> The problem
Copy out all the data, word for word.

*** Opening Supplied information ***

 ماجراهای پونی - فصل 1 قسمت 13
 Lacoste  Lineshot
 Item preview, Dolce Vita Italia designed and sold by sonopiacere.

*** Closing Supplied information ***

> Answer to the exercise
 ماجراهای پونی - فصل 1 قسمت 13
 Lacoste  Lineshot
 Item preview, Dolce Vita Italia designed and sold by sonopiacere.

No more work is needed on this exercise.